It does not look underweight, so that's a good thing.

Your substrate seems dry. If it were me, I'd soak a bunch of leaks and or sphagnum moss and make a nice, moist, flat (condensed) top layer in your tank...no dry springy moss sticking up or dry coco stuff to stick on 'em. Maybe add another coco hut or some large leaves to hide under.

I think I see a soaking dish...a dish/bowl/salsa cup with a half inch of spring water may be found enjoyable by your frog, if its not available.

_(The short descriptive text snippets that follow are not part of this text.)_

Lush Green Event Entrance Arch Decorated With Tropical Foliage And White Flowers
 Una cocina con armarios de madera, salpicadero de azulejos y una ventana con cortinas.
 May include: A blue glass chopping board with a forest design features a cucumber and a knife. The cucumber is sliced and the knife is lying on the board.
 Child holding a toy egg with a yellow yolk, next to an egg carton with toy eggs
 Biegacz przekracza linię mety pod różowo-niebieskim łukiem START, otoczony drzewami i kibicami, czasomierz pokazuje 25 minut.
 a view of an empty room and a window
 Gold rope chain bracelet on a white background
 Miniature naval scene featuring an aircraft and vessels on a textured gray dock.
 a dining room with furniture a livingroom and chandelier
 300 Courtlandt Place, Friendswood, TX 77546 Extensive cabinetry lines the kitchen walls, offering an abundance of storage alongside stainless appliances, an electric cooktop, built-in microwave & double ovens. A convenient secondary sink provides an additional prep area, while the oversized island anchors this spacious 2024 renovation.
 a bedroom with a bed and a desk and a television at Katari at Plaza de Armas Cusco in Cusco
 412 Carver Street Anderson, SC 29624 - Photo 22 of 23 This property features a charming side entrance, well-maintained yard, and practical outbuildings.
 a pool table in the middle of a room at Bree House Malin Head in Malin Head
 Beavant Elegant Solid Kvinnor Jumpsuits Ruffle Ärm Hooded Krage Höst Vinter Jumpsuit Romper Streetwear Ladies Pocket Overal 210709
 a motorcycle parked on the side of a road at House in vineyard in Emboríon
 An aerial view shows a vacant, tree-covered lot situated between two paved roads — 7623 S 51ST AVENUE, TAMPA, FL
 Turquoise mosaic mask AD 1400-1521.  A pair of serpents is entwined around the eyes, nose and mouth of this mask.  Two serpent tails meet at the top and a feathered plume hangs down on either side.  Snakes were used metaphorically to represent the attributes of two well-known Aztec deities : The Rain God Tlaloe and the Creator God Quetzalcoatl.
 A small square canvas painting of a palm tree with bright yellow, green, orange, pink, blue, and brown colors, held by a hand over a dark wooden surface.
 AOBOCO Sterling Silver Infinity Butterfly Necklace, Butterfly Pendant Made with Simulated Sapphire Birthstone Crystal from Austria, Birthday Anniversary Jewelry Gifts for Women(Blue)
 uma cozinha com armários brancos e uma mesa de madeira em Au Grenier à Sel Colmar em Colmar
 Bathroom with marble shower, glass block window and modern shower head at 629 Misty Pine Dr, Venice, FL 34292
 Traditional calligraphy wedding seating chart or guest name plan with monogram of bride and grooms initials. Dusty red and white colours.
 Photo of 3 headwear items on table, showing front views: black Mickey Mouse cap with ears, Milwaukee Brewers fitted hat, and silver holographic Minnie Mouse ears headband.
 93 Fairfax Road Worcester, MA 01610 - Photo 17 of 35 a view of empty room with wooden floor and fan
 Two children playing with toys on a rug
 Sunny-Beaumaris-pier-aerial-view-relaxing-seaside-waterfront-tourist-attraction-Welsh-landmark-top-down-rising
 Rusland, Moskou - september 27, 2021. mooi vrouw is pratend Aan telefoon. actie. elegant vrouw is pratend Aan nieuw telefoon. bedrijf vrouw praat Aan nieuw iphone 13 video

A frog of that size should/can eat a hell of a lot more than 12 fruit flies. Try a feeding station (little chunk of banana) and feed enough that the frog will still eat the flies vs the flies crawling on your frog and freaking it out. Excess flies should gather at the feeding station and will be easy prey if and when the frog feels like eating again.

Your temps seem fine.

Don't over expose your frog to the lights either, I try to not exceed 12 hrs.

Good luck 

I'm sure someone will chime in with some 'smart' sciencey stuff for you shortly.


----------



## rosablivion (Nov 1, 2014)

Thanks very much! I will try making these changes. I tried a feeding station this morning and the frog seemed a little wary of something new in the tank, but hopefully she will get used to it. Do you typically cover your terrarium at night, or how do you monitor light exposure? Thanks!


----------



## dendrobates (May 11, 2009)

I just recently started supplementing every day with Rep-Cal because that is what it says on the container. A couple days ago I found a frog in the same position as yours and unresponsive. I now believe it may have been too much calcium. Thoughts?


----------



## rosablivion (Nov 1, 2014)

I did wonder about that, although I read that it is essentially impossible to overdose on calcium. I would be interested to know whether others have had this experience. It certainly looks a lot like tetany, and at this point I'm pretty sure it can't be too little calcium. I will try only supplementing every other day. Thanks!


----------